An arrest is temporary, coupled with a right to a "fair and speedy trial" for the specific purpose of limiting the time in which your freedom of movement is restricted. Removing someone's right to own a firearm is a permanent action. In order to be effective at "keeping guns out of the hands of suspected terrorists", you can't just remove that right for a little bit. You'd have to take it away for every day that person might want to buy a firearm. And that brings us to the question I'm asking:
What criteria do you think should be used here? Let's assume you want to expand the list of things that can make it illegal for someone to buy or possess a firearm. What are you proposing that expansion should be? Cause I'm just not seeing any way to do this that doesn't have significant problems in terms of 2nd amendment rights. This guy was under investigation (twice) but said investigations were dropped. So even if you proposed a temporary restriction (say while someone is under active investigation, which would require some kind of similar "fair and speedy" requirement as mentioned above), it would not have helped in this case.
As to others who suggest banning a class of weapons, that isn't going to work.
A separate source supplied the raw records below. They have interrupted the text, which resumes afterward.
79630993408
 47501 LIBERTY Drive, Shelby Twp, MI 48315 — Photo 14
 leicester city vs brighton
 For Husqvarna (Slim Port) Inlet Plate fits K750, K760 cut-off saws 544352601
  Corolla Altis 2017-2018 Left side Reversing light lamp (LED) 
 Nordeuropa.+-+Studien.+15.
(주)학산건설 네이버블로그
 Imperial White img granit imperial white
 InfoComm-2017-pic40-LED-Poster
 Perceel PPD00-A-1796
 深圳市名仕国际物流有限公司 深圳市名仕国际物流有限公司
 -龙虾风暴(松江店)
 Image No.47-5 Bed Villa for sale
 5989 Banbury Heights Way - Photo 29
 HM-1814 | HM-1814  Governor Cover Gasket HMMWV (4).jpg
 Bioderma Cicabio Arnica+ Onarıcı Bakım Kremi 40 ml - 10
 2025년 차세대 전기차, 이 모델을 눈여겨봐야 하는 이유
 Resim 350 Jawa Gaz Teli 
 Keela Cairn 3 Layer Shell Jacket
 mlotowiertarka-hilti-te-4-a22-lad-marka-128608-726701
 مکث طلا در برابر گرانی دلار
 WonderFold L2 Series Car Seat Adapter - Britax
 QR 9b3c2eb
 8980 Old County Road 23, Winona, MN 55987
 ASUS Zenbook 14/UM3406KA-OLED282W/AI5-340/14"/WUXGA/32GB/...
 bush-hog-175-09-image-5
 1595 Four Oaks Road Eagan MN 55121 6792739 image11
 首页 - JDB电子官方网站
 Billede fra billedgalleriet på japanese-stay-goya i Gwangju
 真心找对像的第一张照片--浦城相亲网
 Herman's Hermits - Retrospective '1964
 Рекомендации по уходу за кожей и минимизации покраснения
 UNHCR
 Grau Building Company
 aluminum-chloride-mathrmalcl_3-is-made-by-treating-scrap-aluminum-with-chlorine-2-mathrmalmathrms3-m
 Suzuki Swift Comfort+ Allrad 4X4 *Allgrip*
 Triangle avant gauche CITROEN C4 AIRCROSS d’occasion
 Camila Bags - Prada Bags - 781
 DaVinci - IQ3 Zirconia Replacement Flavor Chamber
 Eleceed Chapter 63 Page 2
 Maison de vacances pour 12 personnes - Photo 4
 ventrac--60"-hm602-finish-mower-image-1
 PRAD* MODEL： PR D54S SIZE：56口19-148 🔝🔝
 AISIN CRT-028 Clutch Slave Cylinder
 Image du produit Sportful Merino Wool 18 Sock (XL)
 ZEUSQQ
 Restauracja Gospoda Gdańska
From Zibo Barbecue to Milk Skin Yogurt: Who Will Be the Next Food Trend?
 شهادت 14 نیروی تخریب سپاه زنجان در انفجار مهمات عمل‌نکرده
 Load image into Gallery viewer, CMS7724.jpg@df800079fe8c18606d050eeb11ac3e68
It's really easy to say "let's ban all AR-15s and similar weapons", but what exactly is "similar"? We tried that before, and it had zero impact on gun violence. As mentioned earlier, only a very small percentage of firearm deaths are caused by those types of weapons anyway. And the math isn't such that we could reduce firearm deaths by 4% by banning those weapons. The perpetrators would just use different weapons. A pair of handguns would have been just as effective in this shooting as the weapon used. Possibly even moreso. As Lolgaxe has correctly pointed out, AR-15 type weapons aren't very good in close shooting situations, and don't have as much staying power as other weapons that could be used. Ironically, many of you are more or less arguing for banning of a less effective set of weapons, not out of a rational reason to ban them, but a kind of knee jerk ignorant fear of how the weapons look. Similarly, many yahoo shooter types gravitate to the same sort of weapon for the same reason (it looks scary, so it makes them seem more powerful when using it, even though they aren't). The Aurora Theater shooting is a great example of this. If the idiot had not gone for the scary looking 100 round drum, which promptly jammed, he might have killed many times more people than the 12 he did.
So maybe we should be encouraging nutters to use those kinds of weapons, while arming the rest of us with much more effective concealed handguns. Might be a much more effective method than trying to ban weapons, or restrict ownership.